## YOUR INSTRUCTIONS
With the images removed, write out every line below exactly.

## SUPPLIED RECORDS

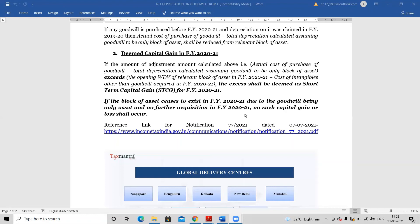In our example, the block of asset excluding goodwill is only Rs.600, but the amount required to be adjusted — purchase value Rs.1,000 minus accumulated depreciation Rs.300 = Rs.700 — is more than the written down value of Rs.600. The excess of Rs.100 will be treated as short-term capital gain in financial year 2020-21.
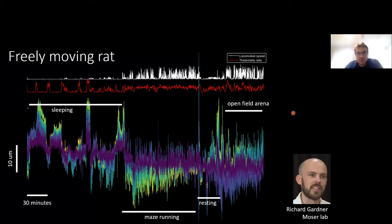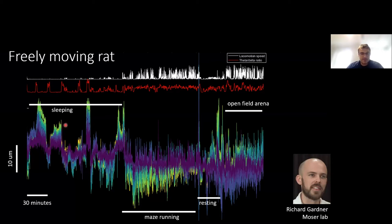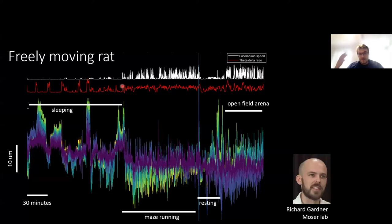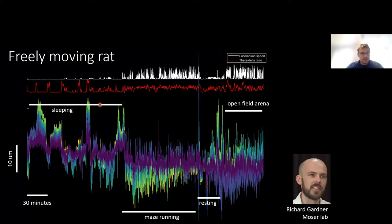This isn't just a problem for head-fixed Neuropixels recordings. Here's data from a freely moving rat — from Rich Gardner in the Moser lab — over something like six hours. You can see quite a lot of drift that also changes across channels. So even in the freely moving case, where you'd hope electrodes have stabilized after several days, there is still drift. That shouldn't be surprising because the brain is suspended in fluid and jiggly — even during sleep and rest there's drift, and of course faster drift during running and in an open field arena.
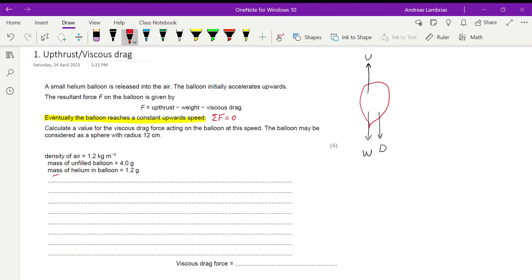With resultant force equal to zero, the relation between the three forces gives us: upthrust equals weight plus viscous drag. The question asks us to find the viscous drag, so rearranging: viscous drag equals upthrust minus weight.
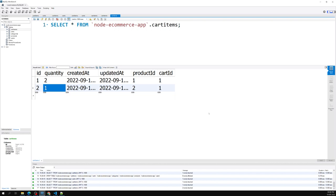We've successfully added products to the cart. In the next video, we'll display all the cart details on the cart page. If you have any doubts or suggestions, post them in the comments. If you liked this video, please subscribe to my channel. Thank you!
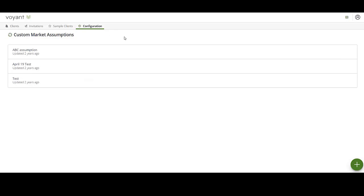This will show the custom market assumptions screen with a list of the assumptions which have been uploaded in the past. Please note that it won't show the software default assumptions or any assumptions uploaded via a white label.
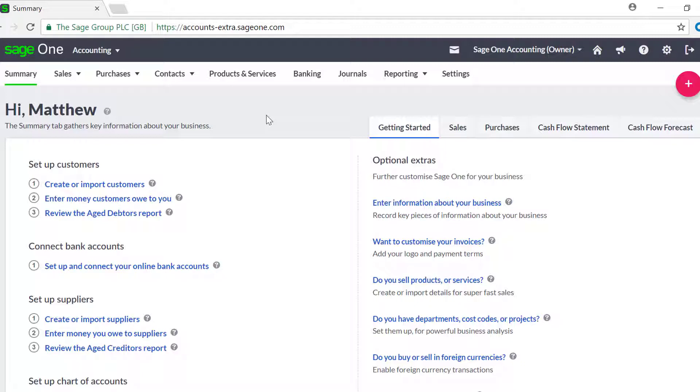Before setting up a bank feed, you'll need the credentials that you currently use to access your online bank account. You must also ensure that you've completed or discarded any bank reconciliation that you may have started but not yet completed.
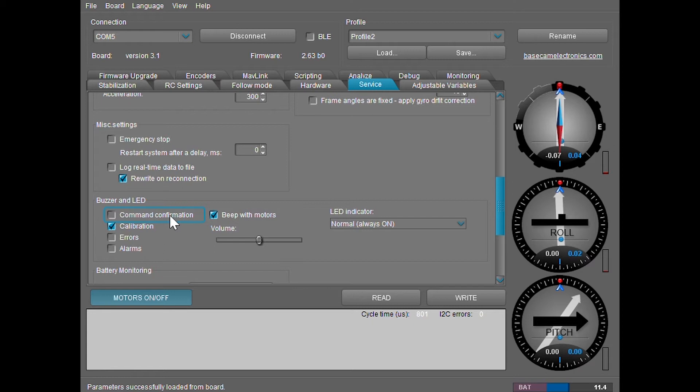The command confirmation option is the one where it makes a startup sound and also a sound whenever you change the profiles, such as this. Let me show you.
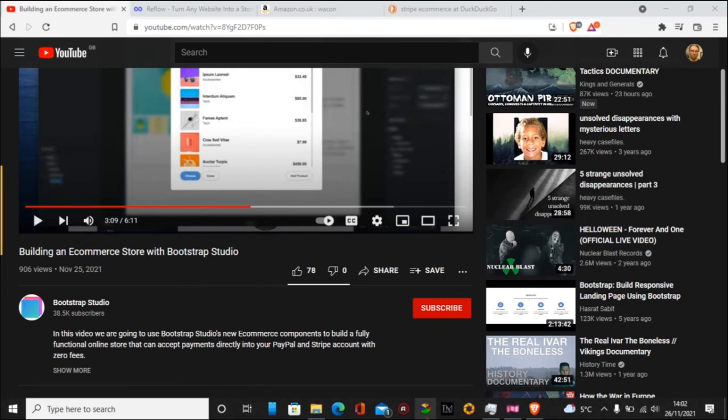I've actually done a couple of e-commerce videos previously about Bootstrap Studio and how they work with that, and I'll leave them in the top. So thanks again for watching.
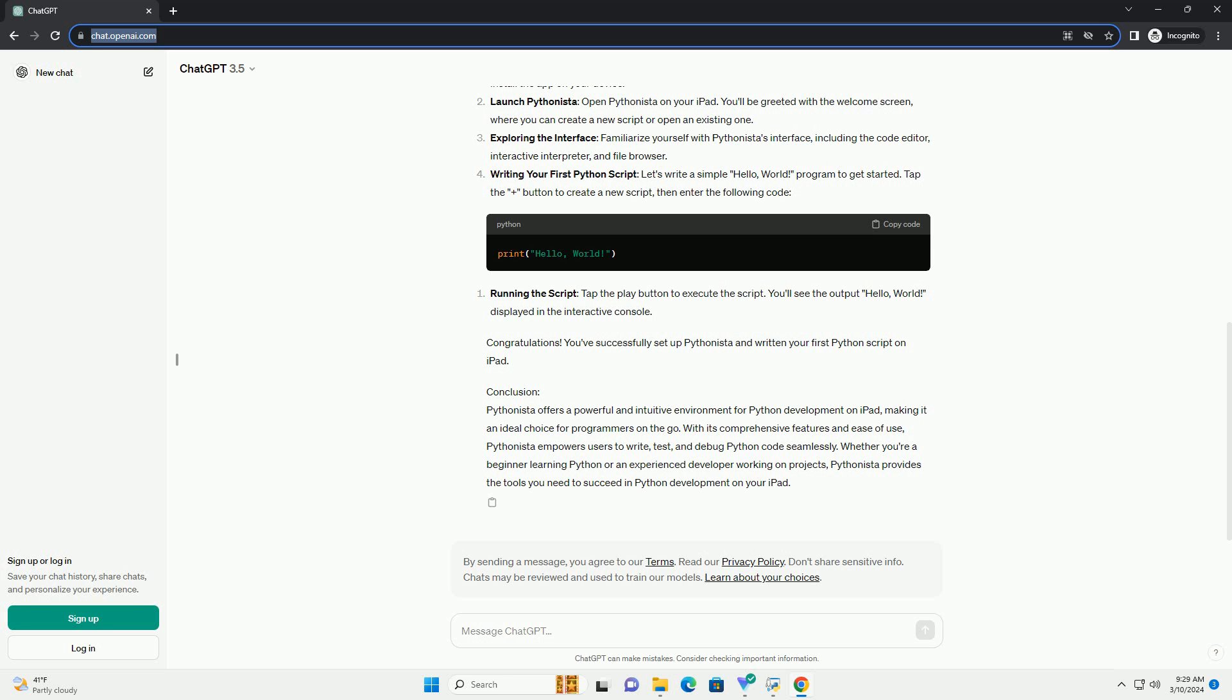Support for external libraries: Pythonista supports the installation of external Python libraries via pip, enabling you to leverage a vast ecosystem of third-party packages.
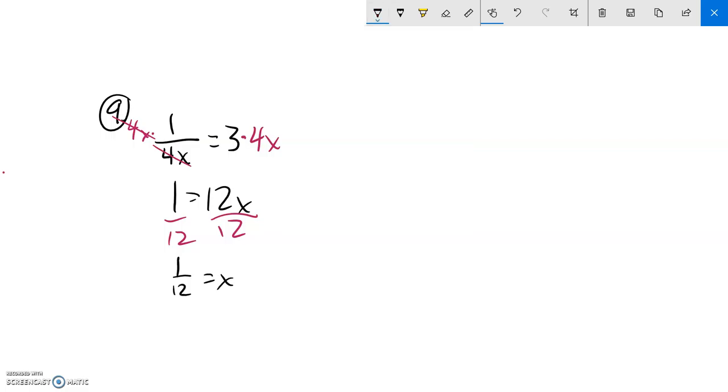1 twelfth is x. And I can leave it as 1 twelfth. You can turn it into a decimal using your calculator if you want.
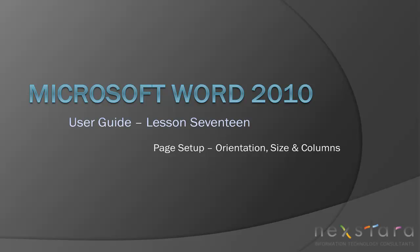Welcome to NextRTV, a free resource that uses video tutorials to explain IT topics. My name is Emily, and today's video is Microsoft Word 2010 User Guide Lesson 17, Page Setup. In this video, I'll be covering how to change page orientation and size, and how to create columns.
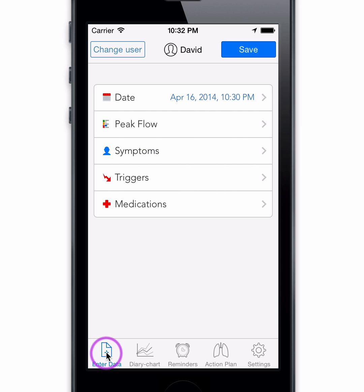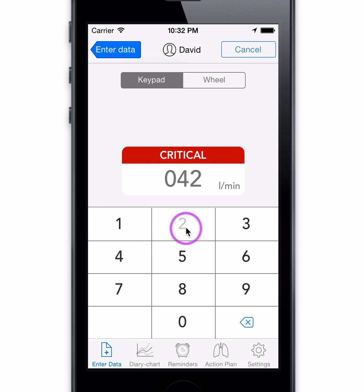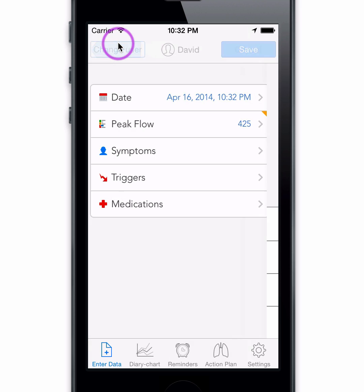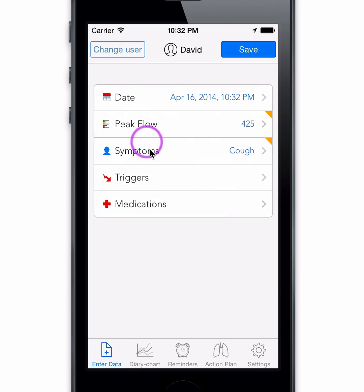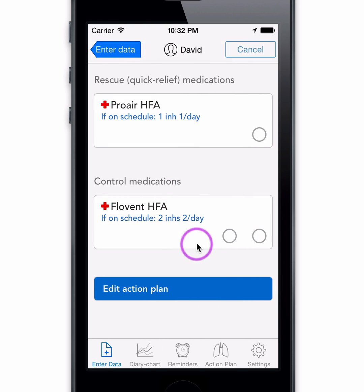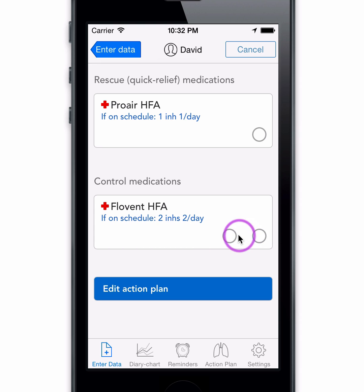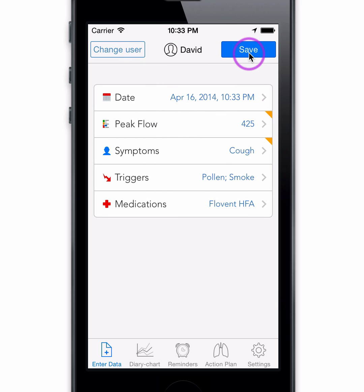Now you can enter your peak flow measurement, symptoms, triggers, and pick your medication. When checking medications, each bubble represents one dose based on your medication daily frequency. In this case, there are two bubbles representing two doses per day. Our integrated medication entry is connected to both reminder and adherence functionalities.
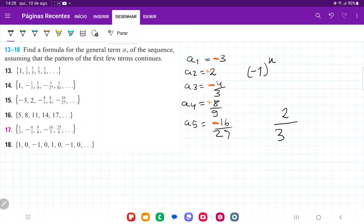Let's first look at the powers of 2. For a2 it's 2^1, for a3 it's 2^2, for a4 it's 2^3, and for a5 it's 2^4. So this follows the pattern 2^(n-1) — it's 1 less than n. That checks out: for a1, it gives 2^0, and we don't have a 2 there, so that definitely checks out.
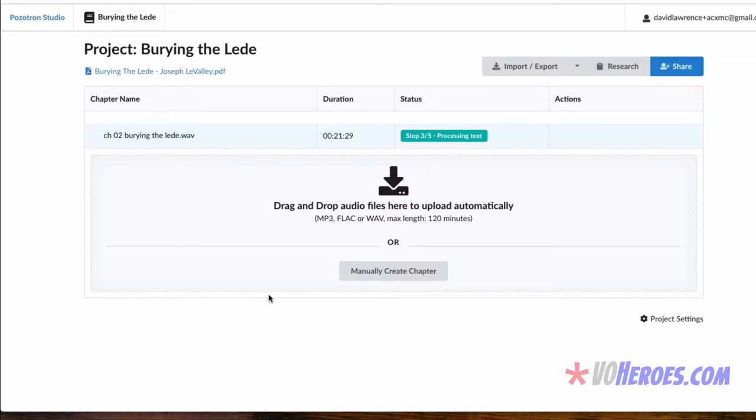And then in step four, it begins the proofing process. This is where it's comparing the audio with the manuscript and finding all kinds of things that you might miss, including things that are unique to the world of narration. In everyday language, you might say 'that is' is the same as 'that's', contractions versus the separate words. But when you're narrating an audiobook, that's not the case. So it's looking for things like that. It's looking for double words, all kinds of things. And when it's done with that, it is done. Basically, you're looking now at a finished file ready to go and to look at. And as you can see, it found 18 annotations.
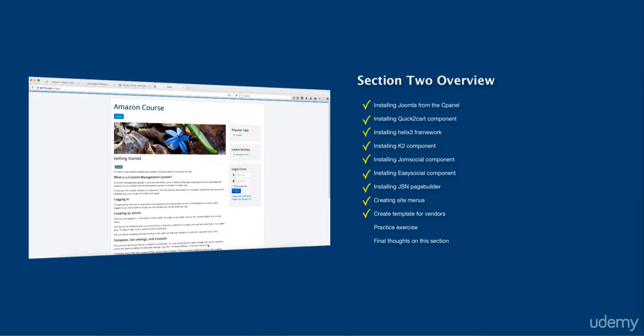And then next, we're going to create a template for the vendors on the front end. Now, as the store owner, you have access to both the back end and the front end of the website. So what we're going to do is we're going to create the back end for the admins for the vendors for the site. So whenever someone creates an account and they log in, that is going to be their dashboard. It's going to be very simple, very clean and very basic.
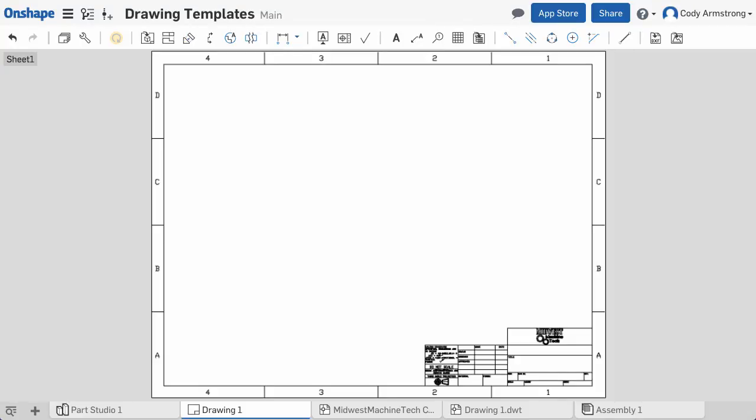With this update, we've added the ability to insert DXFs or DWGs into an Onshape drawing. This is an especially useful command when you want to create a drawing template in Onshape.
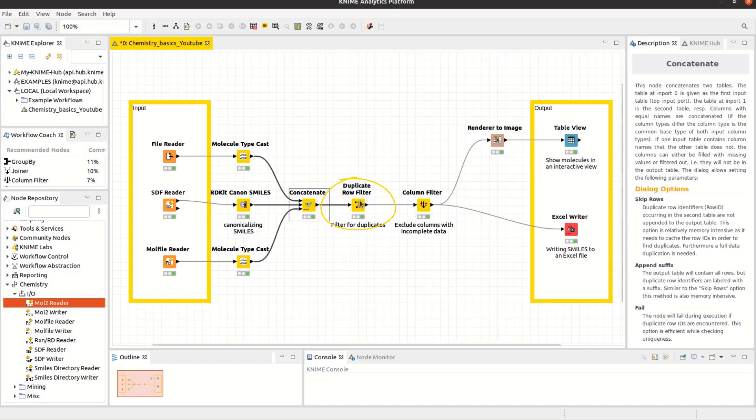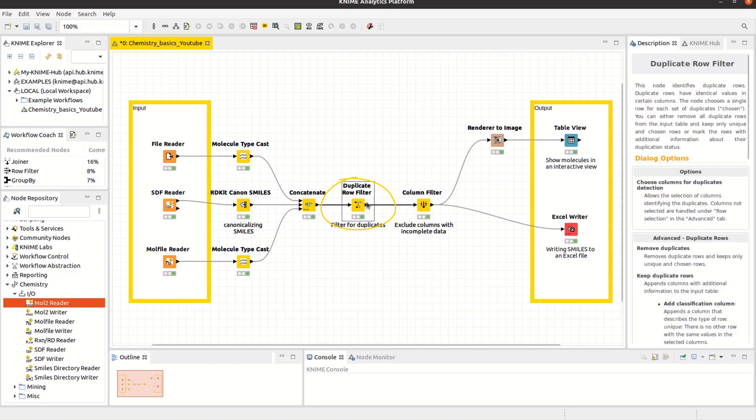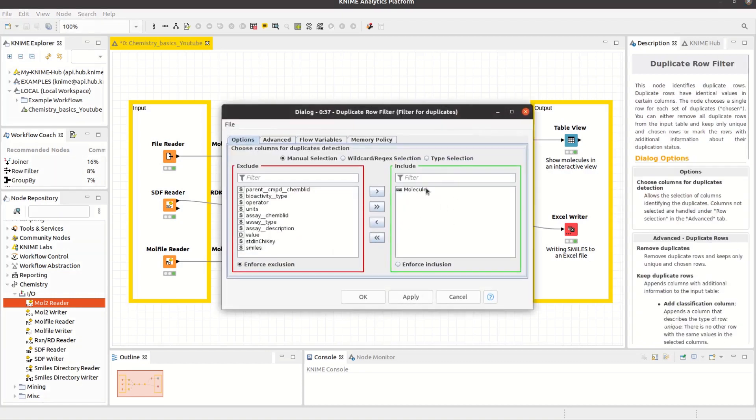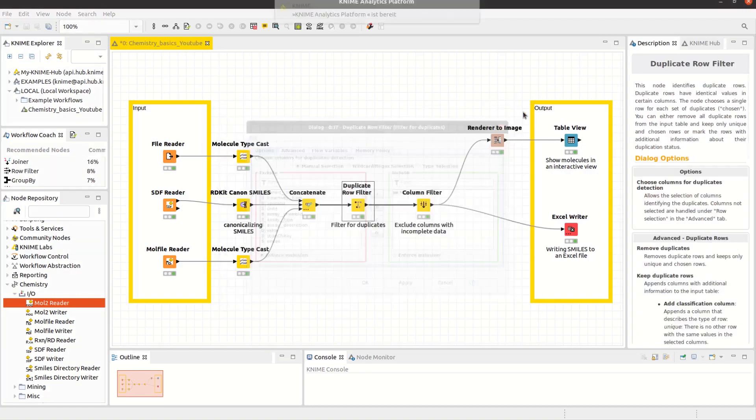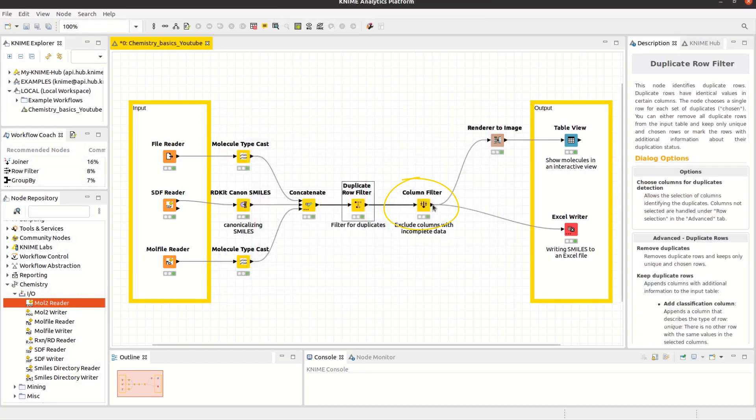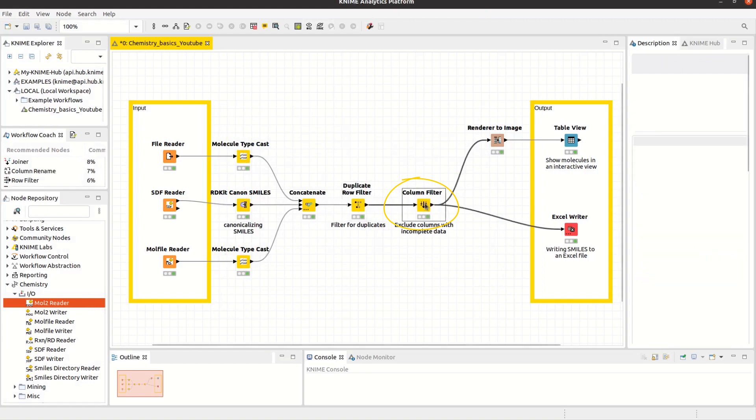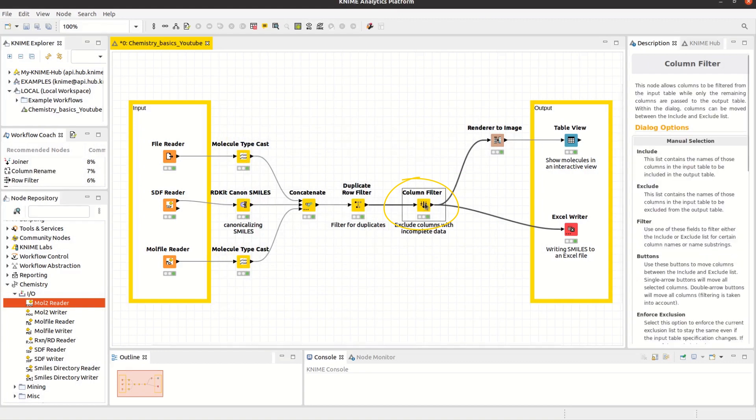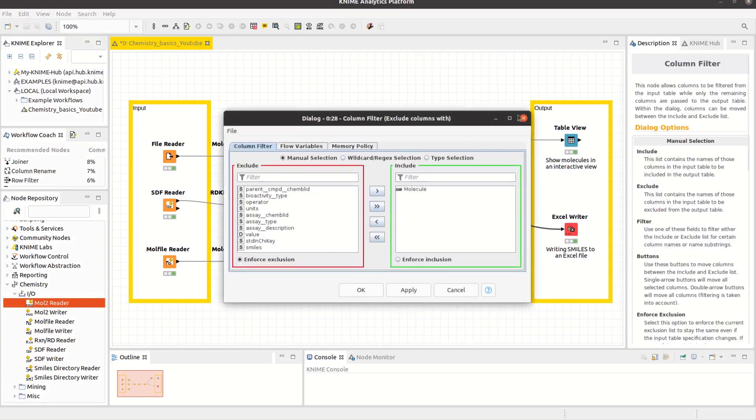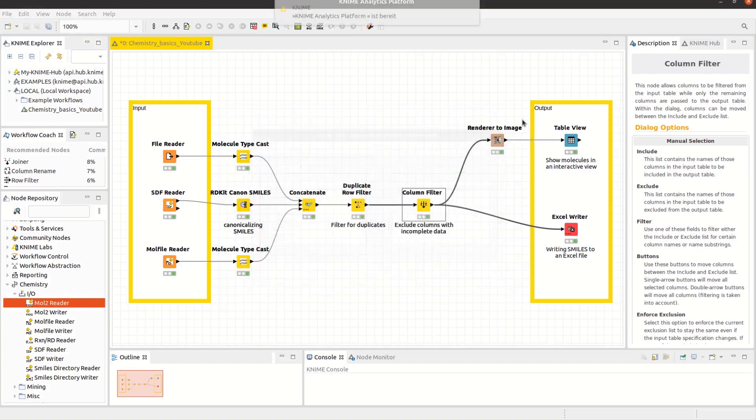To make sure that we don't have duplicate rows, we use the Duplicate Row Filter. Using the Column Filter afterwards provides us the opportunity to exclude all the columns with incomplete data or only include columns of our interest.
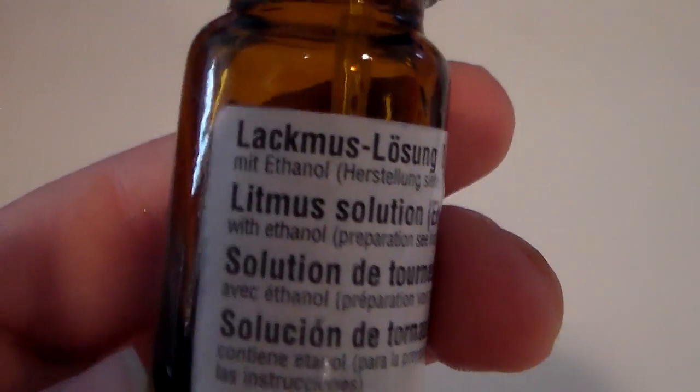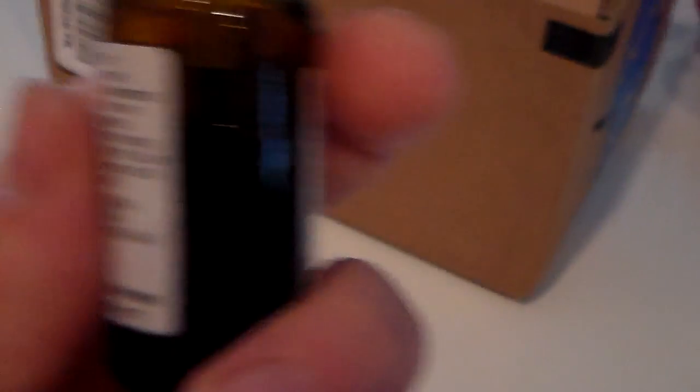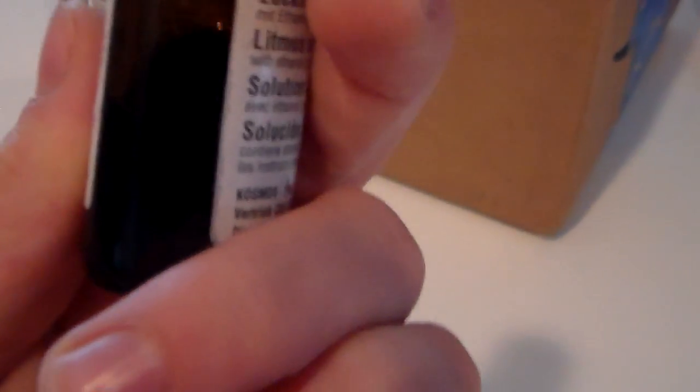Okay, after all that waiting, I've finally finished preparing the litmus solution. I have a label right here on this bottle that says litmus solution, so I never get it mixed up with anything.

## EXPECTED ANSWER
In our example, the block of asset excluding goodwill is only Rs.600, but the amount required to be adjusted — purchase value Rs.1,000 minus accumulated depreciation Rs.300 = Rs.700 — is more than the written down value of Rs.600. The excess of Rs.100 will be treated as short-term capital gain in financial year 2020-21.
This isn't just a problem for head-fixed Neuropixels recordings. Here's data from a freely moving rat — from Rich Gardner in the Moser lab — over something like six hours. You can see quite a lot of drift that also changes across channels. So even in the freely moving case, where you'd hope electrodes have stabilized after several days, there is still drift. That shouldn't be surprising because the brain is suspended in fluid and jiggly — even during sleep and rest there's drift, and of course faster drift during running and in an open field arena.
With resultant force equal to zero, the relation between the three forces gives us: upthrust equals weight plus viscous drag. The question asks us to find the viscous drag, so rearranging: viscous drag equals upthrust minus weight.
We've successfully added products to the cart. In the next video, we'll display all the cart details on the cart page. If you have any doubts or suggestions, post them in the comments. If you liked this video, please subscribe to my channel. Thank you!
This will show the custom market assumptions screen with a list of the assumptions which have been uploaded in the past. Please note that it won't show the software default assumptions or any assumptions uploaded via a white label.
Before setting up a bank feed, you'll need the credentials that you currently use to access your online bank account. You must also ensure that you've completed or discarded any bank reconciliation that you may have started but not yet completed.
The command confirmation option is the one where it makes a startup sound and also a sound whenever you change the profiles, such as this. Let me show you.
I've actually done a couple of e-commerce videos previously about Bootstrap Studio and how they work with that, and I'll leave them in the top. So thanks again for watching.
Support for external libraries: Pythonista supports the installation of external Python libraries via pip, enabling you to leverage a vast ecosystem of third-party packages.
1 twelfth is x. And I can leave it as 1 twelfth. You can turn it into a decimal using your calculator if you want.
Welcome to NextRTV, a free resource that uses video tutorials to explain IT topics. My name is Emily, and today's video is Microsoft Word 2010 User Guide Lesson 17, Page Setup. In this video, I'll be covering how to change page orientation and size, and how to create columns.
Now you can enter your peak flow measurement, symptoms, triggers, and pick your medication. When checking medications, each bubble represents one dose based on your medication daily frequency. In this case, there are two bubbles representing two doses per day. Our integrated medication entry is connected to both reminder and adherence functionalities.
Let's first look at the powers of 2. For a2 it's 2^1, for a3 it's 2^2, for a4 it's 2^3, and for a5 it's 2^4. So this follows the pattern 2^(n-1) — it's 1 less than n. That checks out: for a1, it gives 2^0, and we don't have a 2 there, so that definitely checks out.
And then in step four, it begins the proofing process. This is where it's comparing the audio with the manuscript and finding all kinds of things that you might miss, including things that are unique to the world of narration. In everyday language, you might say 'that is' is the same as 'that's', contractions versus the separate words. But when you're narrating an audiobook, that's not the case. So it's looking for things like that. It's looking for double words, all kinds of things. And when it's done with that, it is done. Basically, you're looking now at a finished file ready to go and to look at. And as you can see, it found 18 annotations.
And then next, we're going to create a template for the vendors on the front end. Now, as the store owner, you have access to both the back end and the front end of the website. So what we're going to do is we're going to create the back end for the admins for the vendors for the site. So whenever someone creates an account and they log in, that is going to be their dashboard. It's going to be very simple, very clean and very basic.
With this update, we've added the ability to insert DXFs or DWGs into an Onshape drawing. This is an especially useful command when you want to create a drawing template in Onshape.
To make sure that we don't have duplicate rows, we use the Duplicate Row Filter. Using the Column Filter afterwards provides us the opportunity to exclude all the columns with incomplete data or only include columns of our interest.
Okay, after all that waiting, I've finally finished preparing the litmus solution. I have a label right here on this bottle that says litmus solution, so I never get it mixed up with anything.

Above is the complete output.